→ **WHAT NEEDS TO BE DONE**: Exact copies of the lines from the one with "Whitmere Men Cotton" through the last line of the entries, and no pictures, make up the answer.

DATASET EXTRACT Block Start

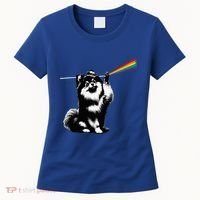 Funny Pomeranian Dog Rock Music Rainbow Fun Dark Side Moon Women's T-Shirt thumb 0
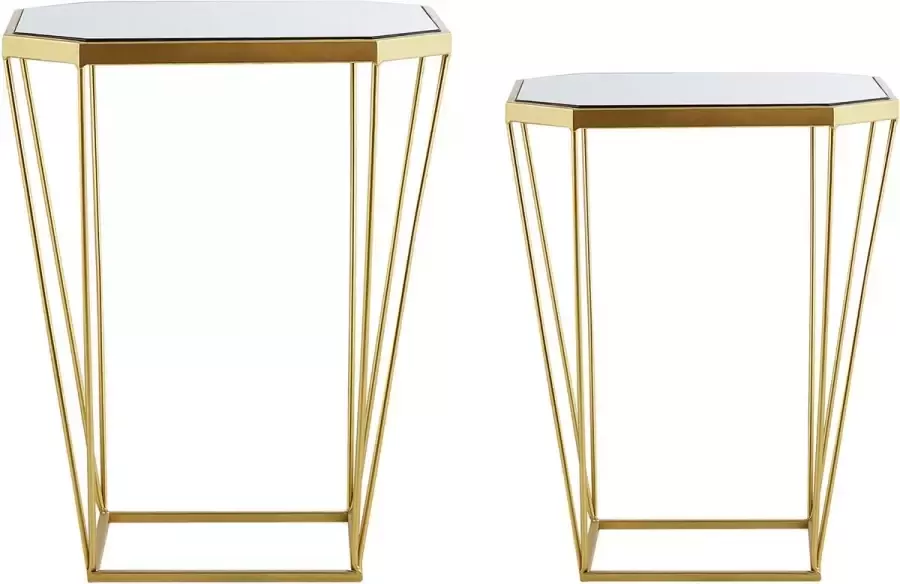 Beliani SIERRA Salontafel set Goud Glas - Foto 1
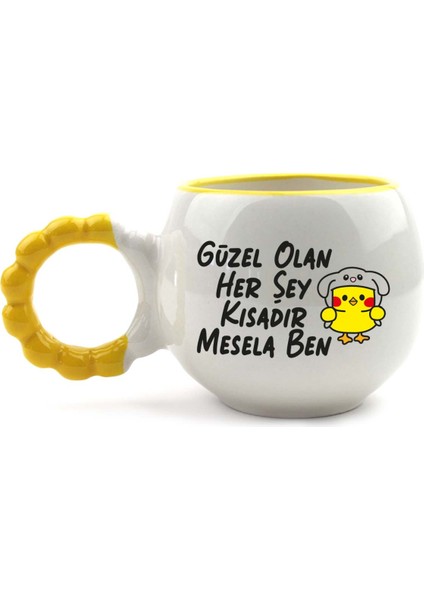 Güzel Olan Her Şey Kısadır, Mesela Ben! El Yapımı Krem Parlak Puf Kupa - El Işçiliği Hediyelik Kupa Bardak Mug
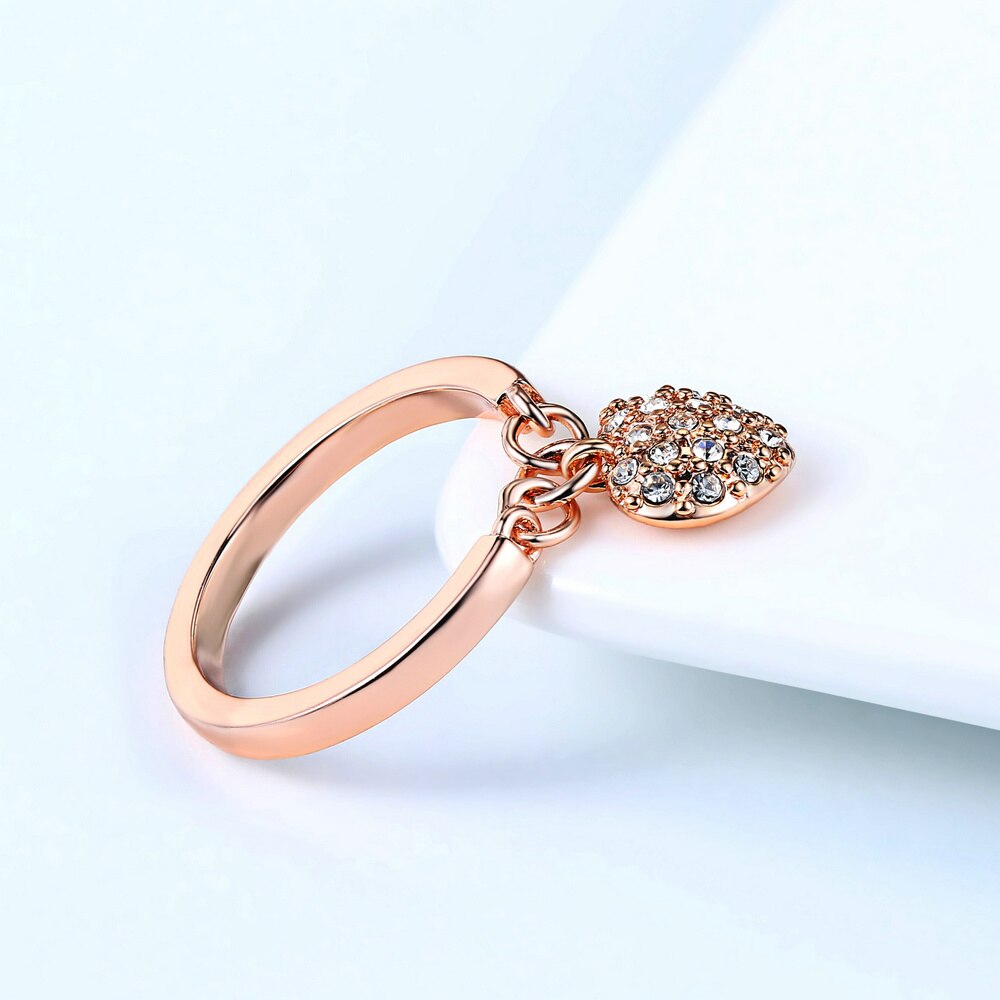 Double Fair Brand Romantic Love Heart shaped Buckle Rings For Women Engagement Party Jewelry Women's Ring For Girl DFR279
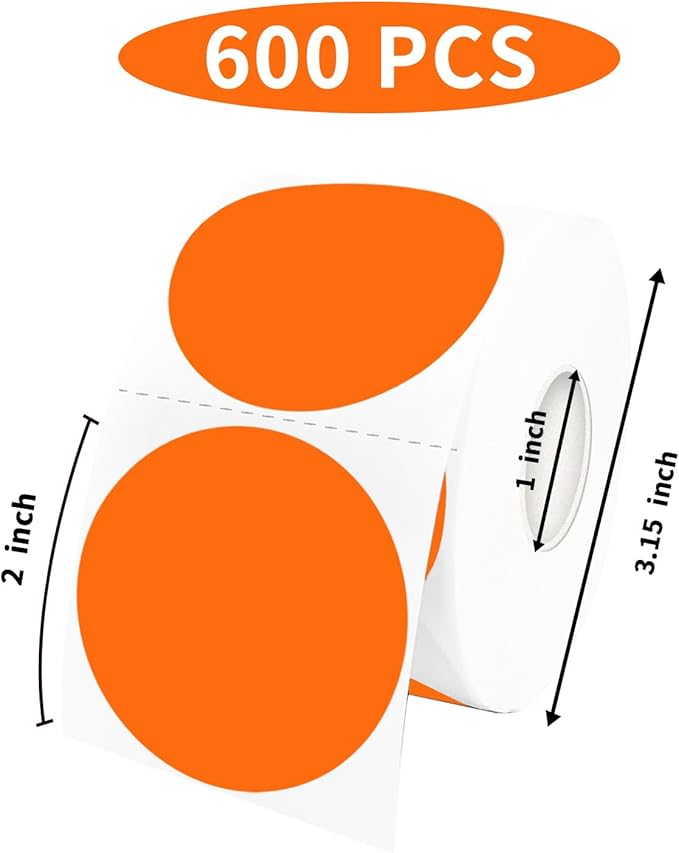 STARLIBOO 2 inch Round Thermal Printer Labels, Circle Direct Thermal Stickers for DIY Logo Design, Shipping, Name Tag, Compatible with Rollo&MUNBYN (600 Labels, Orange)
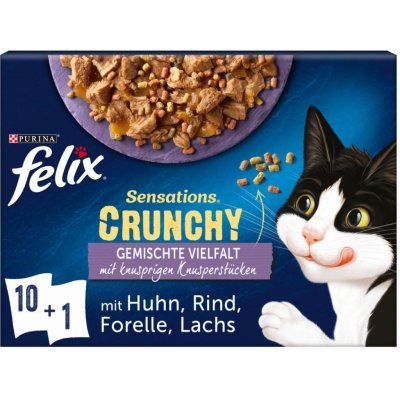 Felix Sensations Crunchy v želé s křupavými kousky výběr se zeleninou 10 x 85 g – Zboží Mobilmania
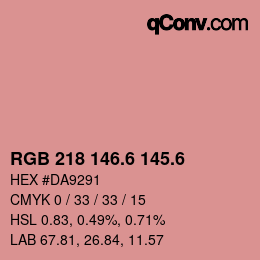 カラーコード: RGB 218 146.6 145.6 | qconv.com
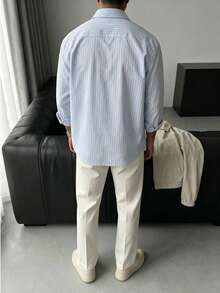 Whitmere Men Cotton Casual Business Commute Striped Long Sleeve Shirt/Daily Casual Business - Baby Blue - View 5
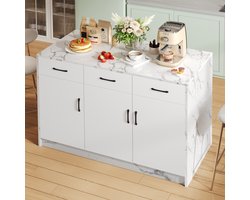 OKWISH Keukeneiland – Barzone – 120x60x90,5 cm – 3 Lades + 3 Deuren – Verstelbare Planken – MDF Wit+Wit Marmer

DATASET EXTRACT Block End

→ **RESPONSE TO THIS EXERCISE**:
 Whitmere Men Cotton Casual Business Commute Striped Long Sleeve Shirt/Daily Casual Business - Baby Blue - View 5
 OKWISH Keukeneiland – Barzone – 120x60x90,5 cm – 3 Lades + 3 Deuren – Verstelbare Planken – MDF Wit+Wit Marmer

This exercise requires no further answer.